Shipyard director fears radiation accident
Laid-up nuclear powered battle cruise in Severodvinsk has two reactors with spent nuclear fuel that haven’t been unloaded in 34 years.
“One can concede that a definite threat emanates from this ship to Severovinsk and its inhabitants,” says Zvezdochka CEO Vladimir Nikitin, quoted by the blog-site 7x7.
The nuclear powered battle cruiser “Admiral Ushakov” has been awaiting dismantlement at the shipyard on the coast of the White Sea for decades. The huge navy vessel has two reactors, of which the spent nuclear fuel have never been changed or removed since the vessel originally was commissioned back in 1980, the under the name “Kirov”.

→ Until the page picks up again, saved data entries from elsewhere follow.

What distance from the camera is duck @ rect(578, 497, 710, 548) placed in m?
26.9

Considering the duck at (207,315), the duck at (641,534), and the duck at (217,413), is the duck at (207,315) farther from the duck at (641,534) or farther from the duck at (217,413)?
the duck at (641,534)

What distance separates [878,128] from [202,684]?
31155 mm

“It’s necessary to unload spent nuclear fuel, to bring the cruiser in a safe state and remove it from the harbour area”, Vladimir Nikitin says, adding that the shipyard is in need of all available quay area.

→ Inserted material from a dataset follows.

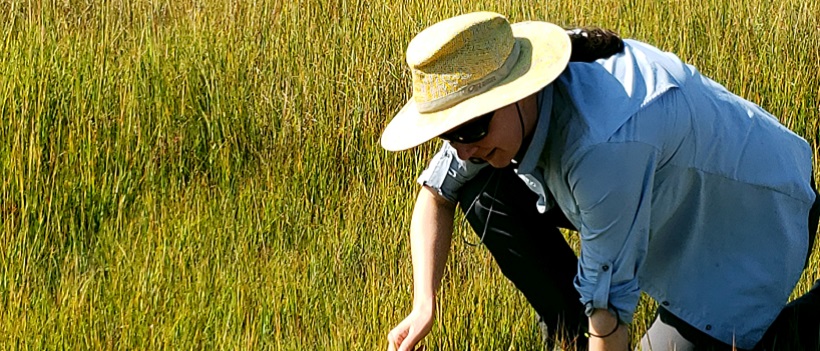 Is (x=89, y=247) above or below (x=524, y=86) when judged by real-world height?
below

The regional news agency Dvinainform reports that the military prosecutor in Severodvinsk, Pavel Konoshenko, has initiated examinations whether the old nuclear hulk poses any environmental threat to the city. Severodvinsk has nearly 200,000 inhabitants and the shipyard is located in short distance from the nearest apartment blocks.
Although both reactors are switched off, the state of the spent nuclear fuel is unknown. The cladding around the uranium fuel can be partly corroded or damaged during the years, and the reactors themselves are also likely contaminated with high-level radioactive compounds. An unloading operation of such old nuclear fuel is a risky operation, including scenarios like steam explosion and uncontrolled chain reaction.
Zvezdockha specialists estimate that decommissioning of such a huge nuclear powered battle cruiser could be 10 times as costly as a traditional decommissioning of a submarine.
“Admiral Ushakov” is the sister vessel to “Pyotr Veliky” that still is in operation with the Russian Northern fleet based in Severomorsk on the Kola Peninsula.